July 2008

Hello friends,

No account of university life is complete without the people who run them - the professors. Before stepping into this minefield, I should stress that I am not writing about my supervisors, U of T, or computer science in particular, and some things are rumors I heard from other people in different places.

I'll start with the worst. There are people who made their career on ideas invented by others. Sometimes, like Nobel-prize controversies, it could be the fault of the community that credit is not given to the first inventors. But it also happens that professors publish work of their students without informing them. Another way is to anonymously review a large number of papers. Most papers are rejected, but they could have good ideas that can be used in a different context, and the original authors have no way to know. Even worse, not long ago it was found that someone broke into the system of a major conference and downloaded all submissions.

At the second level there are hypocrites. They preach how to do science right, but when it comes to their work, you'll here excuses like "we didn't have time" or "that's what everybody is doing". Somewhat related are "Midas" professors.

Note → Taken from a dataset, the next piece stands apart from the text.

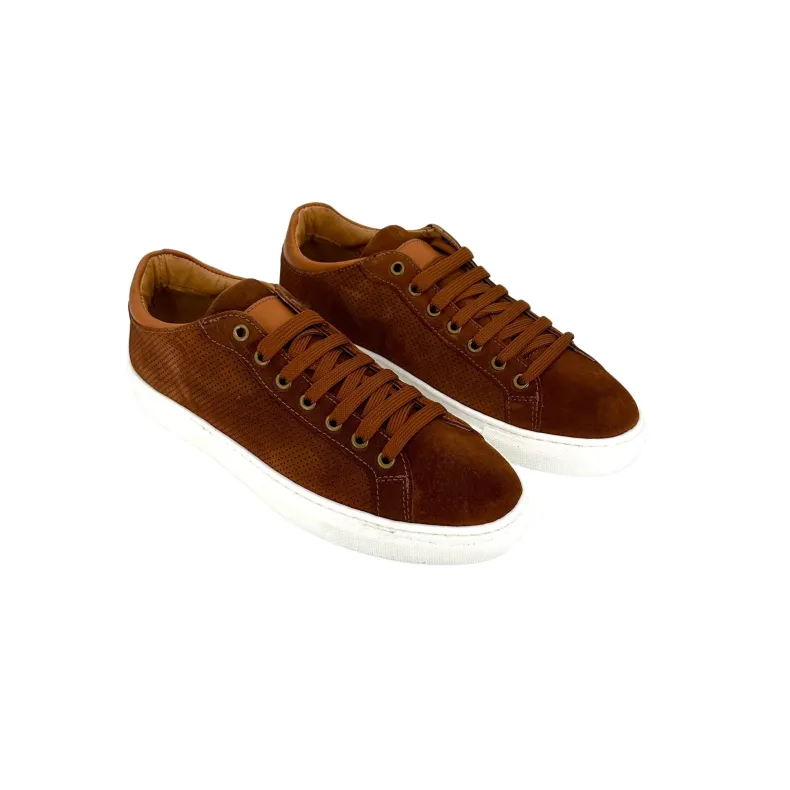 Handcrafted Sneakers In Perforated Leather Suede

Everything they say is correct, everything they do is simple and elegant. The problems start when other people try to do exactly the same things.

A new category is "modern professors". These people are technically strong, but have no intention to look at serious questions. They just peruse academic career, as if science is weighted in kilograms and the only thing that counts is the papers count. As a consequence, they publish like a printing house. If science progressed at the speed they publish by now we were living on Mars.

Since "modern professors" are filling up universities, very few "clumsy professors" left around. These are people born to do well only one thing, research. They are always late, forget meetings, can't answer simple questions, etc. It is hard to understand how these weird people became professors. But in academia their unconventional thinking turns out to be an advantage, and every couple of years they come up with original ideas that nobody else would think about.

Finally, the "superman professors". These are the best experts in the world. They can point you to a paper hot from the press or dig seminal paper from fifty years ago. Unfortunately they are very busy. They tour the world, edit journals, write books, organize conferences, guide students, manage their departments and labs, consult companies, and last (and often least), teach courses. They run a disciplined lifestyle of a professional athlete. The difference is that athletes retire after 10 years, while these professors are active for 30 years. If you are lucky to meet these people, you'll notice they are very serious and oftentimes pedantic (though in their own eyes they are not perfectionists enough). They are not interested in playing games or publicity. The last thing they need is NY Times headline "prof. X said...". They already got that. They are interested in the big questions. And they have religious faith that maybe they will not solve them, maybe they will not be solved in their lifetime, but there is no magic and there should be good answers. For all these reasons they don't sleep at night. Which is why I am confident that no serious professor will waste his time reading this and write on the types of graduate students.